People who have been turning automatic hyphenation off in the first place may also welcome that.
> but hyphen breaks searching and cut and paste.
I spend a lot of time reading man pages. I find myself not struggling over this issue. Maybe I'm weird.
> The positive benefits are mostly for troff output for printed material, and for man pages this is not a nonexistent use case but it is very rare.
Linux man-pages maintainer Alejandro Colomar and I are doing what we can to encourage people to rediscover typeset manuals. I've linked to the collected groff-man-pages PDF elsewhere in this discussion. Deri James is doing an invaluable service by helping us get man page cross references wired up to PDF hyperlinks. (Of course, you have to actually have to tell man(7) that something is a man page cross reference first, and thereby hangs a tale. https://git.savannah.gnu.org/cgit/groff.git/tree/NEWS?h=1... )
> The world has changed since roff was designed.
Certainly. There'd be no upset users and no LWN article to reply to if we weren't enjoying the blessing of Unicode support in our terminal emulators. So in a sense this all can be laid at Markus Kuhn's doorstep.
Nah, it's okay, people can keep blaming me. I'm used to it.
> This is not going to be persuasive if you see your role as preservation of the original roff intent, so to some extent this is a conflict of uses.

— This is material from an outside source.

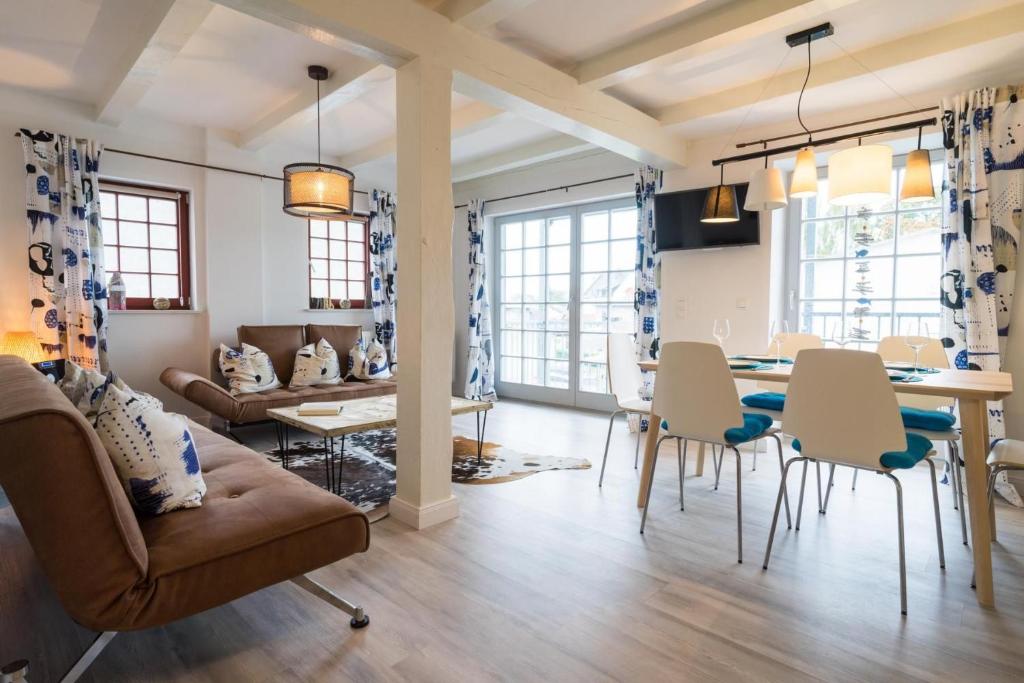 a living room with a table and chairs at Villa Bellevue 3 _App_ 12 in Ahlbeck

Not wholly. I also have a handful of new macros I want to introduce to the man(7) macro language. For groff 1.23.0, I settled on one, already linked to above.
The NEWS file entry for 1.23.0 is lengthy; I encourage anyone with any interest in groff to review it.
> but most people writing man pages are just trying to present documentation to the user and don't care about the roff typesetting system as such
People writing C programs are just trying to solve a problem and don't care about the programming language that much. (Okay, C has plenty of people who love it madly for its own sake. Consider substituting "JavaScript".)
If someone is going to pick up a tool to do a job, they're going to have to develop a competence with that tool. If plain text is all a person can manage, that is what they should write their documentation in.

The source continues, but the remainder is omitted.